Whitmer Proposes Using Freed-Up School Retirement Funds to Supplement 2025 Budget
For a brief time in the 1980s, Michigan pre-funded retirement health care for public school employees by setting aside funds each year and earning investment income from those funds.  In the 1990s, that practice was ended and for over twenty years Michigan paid for the full amount of annual school retiree health care each year out of the General Fund.  In the 2010s, Michigan once again began to pre-fund retiree health care, thereby using investment earnings to help offset the total costs.  This year, for the first time ever, state budget officials predict that the retiree health care portion (known as “OPEB,” or, “Other Post-Employment Benefits”) of the Michigan Public School Employees Retirement System will be 100% funded. 

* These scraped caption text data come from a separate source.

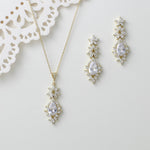 Rose gold Bridal earrings and necklace set - PAIGE - Treasures by Agnes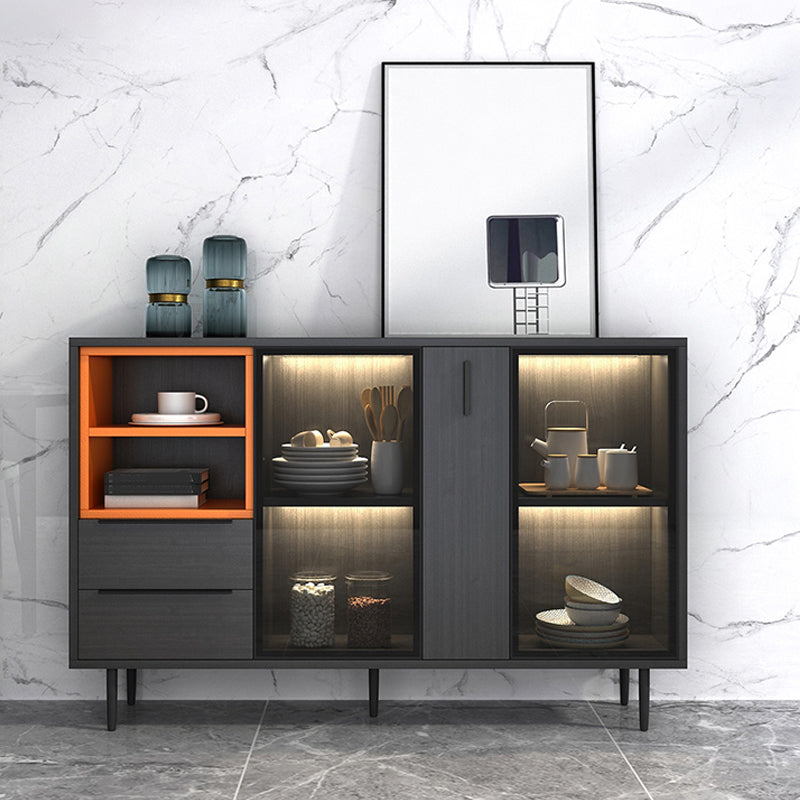 Sideboardteboard contemporaneo Sideboard in legno finto con illuminazione per cucina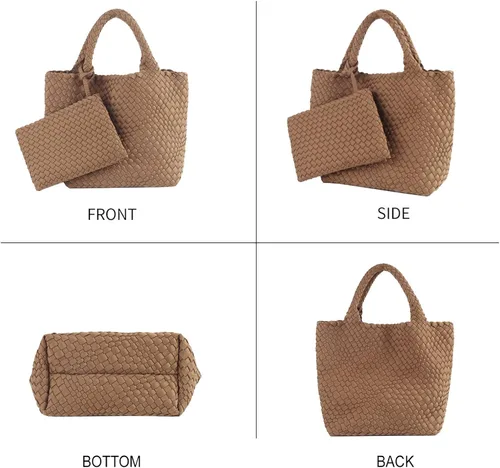 Miniatura 2 de LMKIDS Bolso de mano tejido + bolso de neopreno para mujer, bolso grande de viaje con asa superior, bolsa de viaje para axilas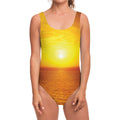 Sunset Over Sea Print One Piece Swimsuit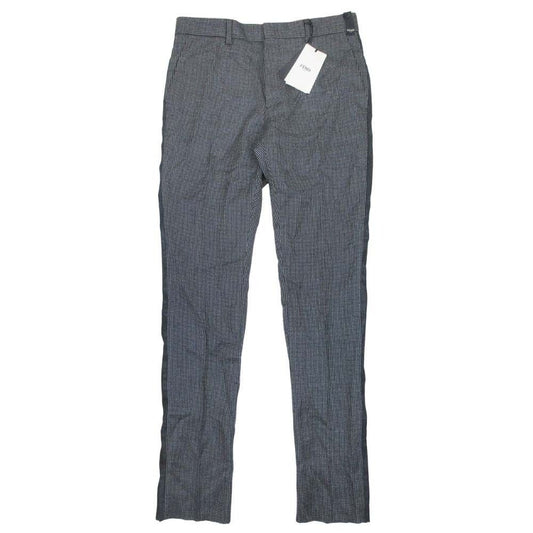 Fendi All Over Pattern Side Line Trousers No Tuck Tapered Pants 46 Black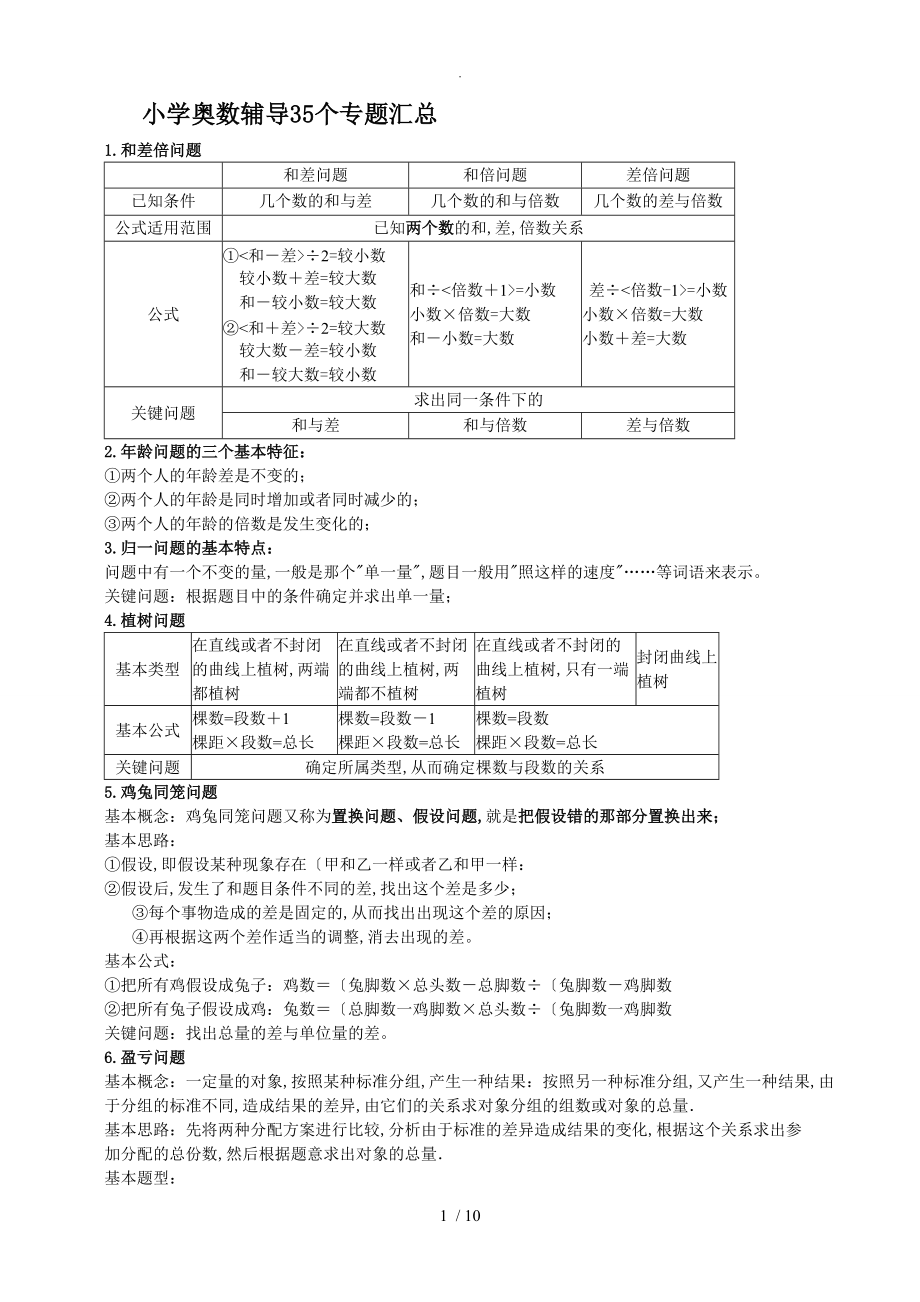 小学数学奥数35个专题分类和解题技巧_第1页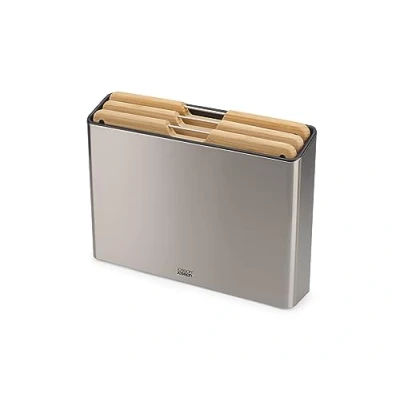 Image de Set de 3 planches à découper Joseph FolioSteel Bamboo x3 avec étui en acier Argent métal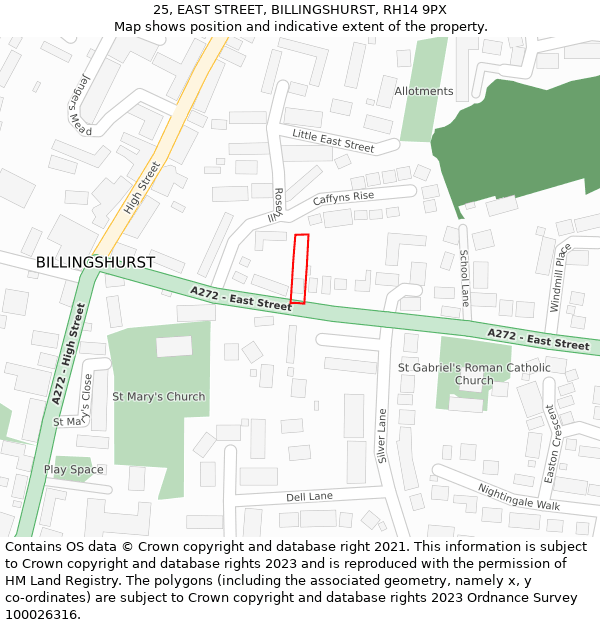 25, EAST STREET, BILLINGSHURST, RH14 9PX: Location map and indicative extent of plot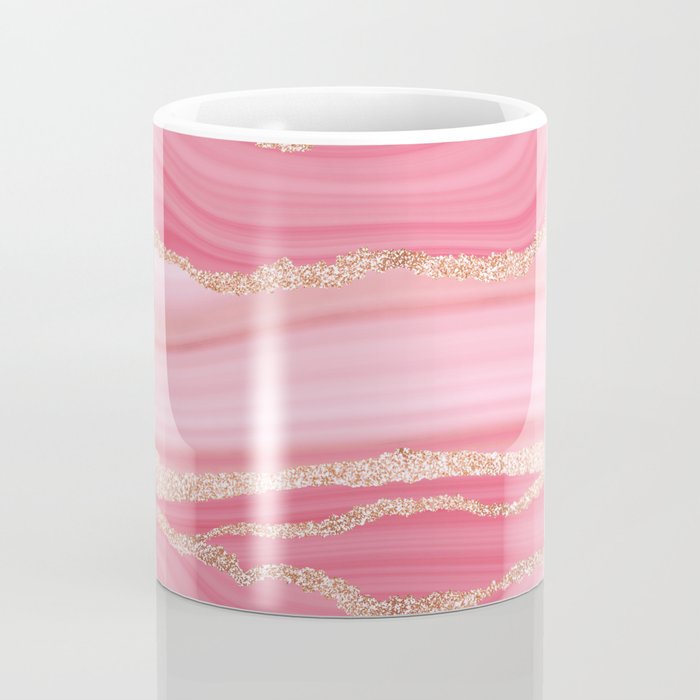 Blush Pink And Gold Marble Stripes Coffee Mug Gallery Image 4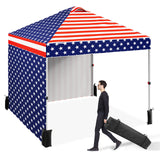 Garvee 10' X 10' Pop Up Canopy Tent, Portable Beach Tent with 2 Sidewalls and Vented Roof, Outdoor Instant Canopy Tent with Wheeled Carry Bag and Sandbag for Camping Picnic Party, American Flag Colors - American Flag Colors
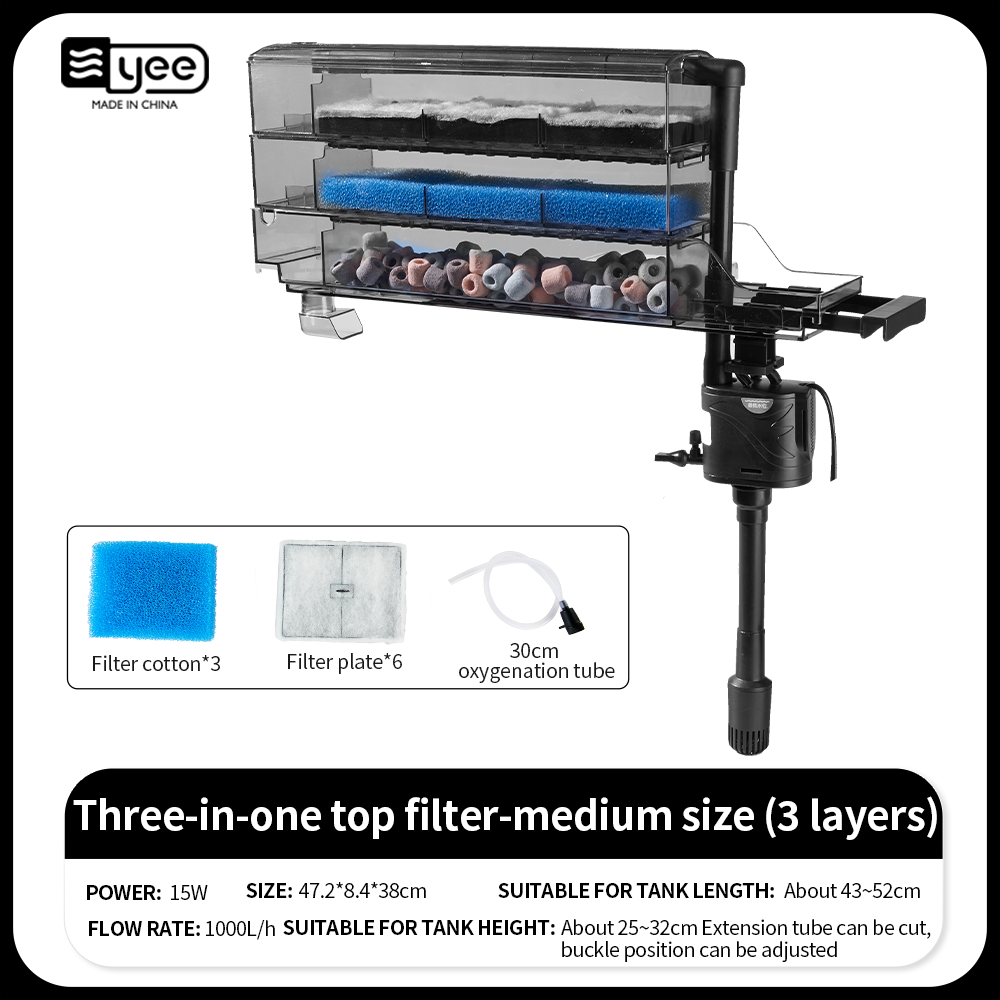 Scatola filtro superiore 3 in 1 tre strati 15W 1000L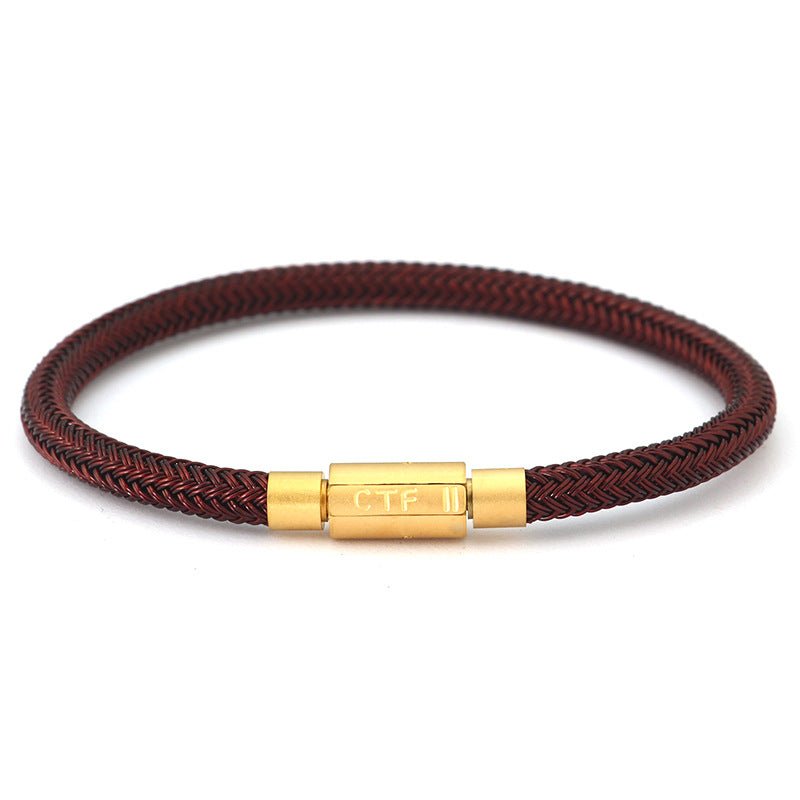 5mm Lucky Bead Cord Bracelet — Adjustable Leather & Steel Wire Base for Fortune Beads - 5mm Red Leather CordTibet Art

Because of this, the Office of Retirement Services and the State Budget Office argue that the state no longer needs to set aside additional General Fund dollars into the MPSERS system beyond the “normal” cost that will keep the fund at or near 100%.  The savings are estimated to be approximately $670 million.  The Governor has proposed that these dollars be repurposed to support other program goals such as free community college and universal Pre-K education. 
However, that proposal is running into several road blocks in the Michigan House and Senate.  First, some lawmakers are concerned about the fact that public school employees hired after 2012 have been cut off from receiving retiree health care benefits, and that the state should restore those benefits before reducing payments into the system.  Other lawmakers argue that only the OPEB portion of public school retirement costs are projected to be fully funded, and that the pension portion (which is much larger) is still hovering between a 60%-70% fundedness level.  Therefore, they say, those funds should continue to flow into the Michigan Public School Employees Retirement System whether the OPEB is fully pre-funded or not.
Should the Michigan House and Senate decide to decline the Governor’s recommendation to return that $670 million to the General Fund, what had already started out as a tight budget year could become much, much tighter.  Not only would several of the Governor’s priorities be jeopardized, but it could also result in actual cuts to some existing state programs.  The House and Senate are preparing their initial budget drafts in response to Governor Whitmer’s proposal and those are expected to begin being voted on after the Legislature returns from their Spring Recess the week of April 9.  Once those documents become public, there will be a clearer picture of how much of the Governor’s recommendations have a chance to become reality.